We were flown cross-country for training, gave feedback, and felt like we made a difference. Multiple contacts responded immediately and enthusiastically.

The atmosphere was genuine.

Making money was secondary, though. Incredible service was a priority.

Jon and Tim answered new hires' questions during Zoom calls during onboarding. CEOs seldom meet new hires this way, but they seemed to enjoy it.

All appeared well.

But in late 2021, things started changing.

Adore's leadership changed after its IPO. From basic values to sales maximization. We lost communication and were forced to fend for ourselves.

Removed the training wheels.

It got tougher to gain instructions from those above me, and new employees told me their roles weren't as advertised.

External money-focused managers were hired.

Instead of creative types, we hired salespeople.

With a new focus on numbers, Adore's uniqueness began to crumble.

Via Zoom, hundreds of workers were let go.

So.

Early in 2022, mass Zoom firings were trending. A CEO firing 900 workers over Zoom went viral.

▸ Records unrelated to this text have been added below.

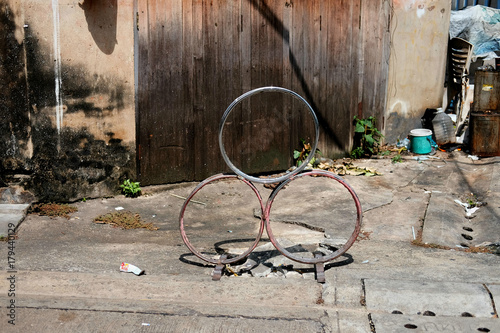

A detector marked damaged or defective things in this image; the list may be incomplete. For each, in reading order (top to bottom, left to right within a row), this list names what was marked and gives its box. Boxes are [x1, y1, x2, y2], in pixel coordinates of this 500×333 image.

peeling paint wall [0, 0, 135, 200]
rusty metal hoop [219, 85, 320, 184]
peeling paint wall [384, 0, 452, 141]
rusty metal hoop [179, 174, 268, 264]
rusty metal hoop [264, 170, 362, 264]
rusty metal stand [211, 254, 227, 280]
cracked concrete slab [364, 278, 496, 316]
cracked concrete slab [370, 312, 500, 332]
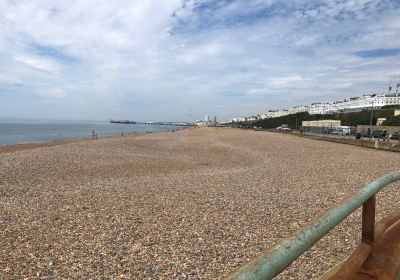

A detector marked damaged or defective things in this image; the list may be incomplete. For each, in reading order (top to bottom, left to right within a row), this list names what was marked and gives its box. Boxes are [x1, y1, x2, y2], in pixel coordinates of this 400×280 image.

rusty metal railing [223, 172, 400, 278]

Adore was special to me, but it became a headline.

30 June 2022, Vice Motherboard published Watch as Adore's CEO Fires Hundreds.

It described a leaked video of Jon Swanson laying off all staff in Canada and the UK.

They called it a “notice of redundancy”.

The corporation couldn't pay its employees.

I loved Adore's underlying ideals, among other things. We called clients Adorers and sold solutions, not add-ons.

But, like anything, a company is only as strong as its weakest link. And obviously, the people-first focus wasn’t making enough money.

There were signs. The expansion was presumably a race against time and money.

Adore finally declared bankruptcy.

Adore declared bankruptcy 3 months after going public. It happened in waves, like any large-scale fall.

  • Initial key players to leave were

  • Then, communication deteriorated.

  • Lastly, the corporate culture disintegrated.

6 months after leaving Adore, I received a letter in the mail from a Law firm — it was about my stocks.

Adore filed Chapter 11. I had to sue to collect my worthless investments.

I hoped those stocks will be valuable someday. Nope. Nope.

Sad, I sighed.

$1.2 billion firm gone.

I left the workplace 3 months before starting a writing business. Despite being mediocre, I'm doing fine.

I got up as Adore fell.

Finally, can we scale kindness?

I trust my gut. Changes at Adore made me leave before it sank.

Adores' unceremonious slide from a top startup to bankruptcy is astonishing to me.

The company did everything perfectly, in my opinion.

  • first to market,

  • provided excellent service

  • paid their staff handsomely.

  • was responsible and attentive to criticism

The company wasn't led by an egotistical eccentric. The crew had centuries of cumulative space experience.

I'm optimistic about the future of work culture, but is compassion scalable?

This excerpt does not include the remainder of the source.